War again transformed the law. As a signatory to the United Nations’ 1951 Refugee Convention and 1967 Protocol, Britain committed protection first to European war refugees, later to ‘all persons fleeing conflict and persecution’. Initially administered through resettlement programmes, from the 1970s individual asylum claims became more common. Demonisation of refugees as ‘queue jumping’ and ‘invading’ were already commonplace, then focusing on Asians fleeing east Africa.
Subjects of empire
Concepts of citizenship evolved radically after the second world war. The British Nationality Act 1948 granted all British subjects across the empire a right to abode in the UK and allowed English-speaking aliens ‘of good character’ to become naturalised citizens. Part reward for wartime service, part solution to labour shortages, it heralded mass migration to Britain, characterised by the passenger ship Empire Windrush.
Overtly racist backlash prompted rollbacks. The Commonwealth Immigrants Acts of 1962 and 1968 introduced new migration limits, ancestry rules for citizenship and work permit requirements – prompting Labour MP Charles Royle to accuse MPs of ‘voting for a colour bar’. The 1968 act first sanctioned deportation outside wartime.
A new ‘common wealth’
The Immigration Act 1971, introduced further immigration and employment restrictions for Commonwealth citizens, criminalised anyone breaking the new rules and shifted the onus onto individuals to prove their status – a root cause of the 2017 Windrush scandal. It came into force on 1 January 1973 – the same day that Britain joined the European Economic Community (later absorbed into the EU), granting reciprocal freedom of movement to worker citizens of other (predominantly white) member states. Anti-immigrant sentiment remained largely focused on non-Europeans – until Britain opened labour markets to citizens from new central and eastern Europe EU states, in 2004.
Fortress Britain
The British Nationality Act 1981 abolished ‘citizenship of the UK and colonies’ and created ‘British citizenship’, limited almost exclusively to those born in the UK to at least one citizen or settled parent (including, for the first time, the mother).
With citizenship redefined and post-cold war dynamics opening up new travel routes and conflict zones – including sites of western military intervention – British attention turned to the rising numbers of refugees. The Asylum Acts of 1993, 1996, 1999, 2002 and 2004 installed increasingly punitive processing, adjudication and ‘management’ procedures – including retractions of welfare supports and expansion of a privately-run detention estate.
From hostility to violence
The 2010-15 coalition government’s ‘hostile environment’ for illegal immigrants codified xenophobia. Immigration Acts of 2014 and 2016 mandated widespread ID checks – turning employers, landlords and healthcare providers into immigration officials. This led to unlawful deportations, including among the ‘Windrush generation’.

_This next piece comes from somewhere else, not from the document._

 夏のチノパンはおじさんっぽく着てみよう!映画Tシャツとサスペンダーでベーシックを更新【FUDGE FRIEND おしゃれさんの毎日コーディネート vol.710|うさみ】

The Brexit referendum emboldened post-2016 governments to tighten visa restrictions, curtailing legal routes for migrants. The Nationality and Borders Act 2021 and related ‘Rwanda plan’, superseded by the Illegal Migration Act 2023, all break international law recognising refugees’ right to choose and enter a country irregularly, and protecting against deportation to a country where they face ‘threat to their life or freedom’. Each act lays the groundwork for embedding racism even deeper into law.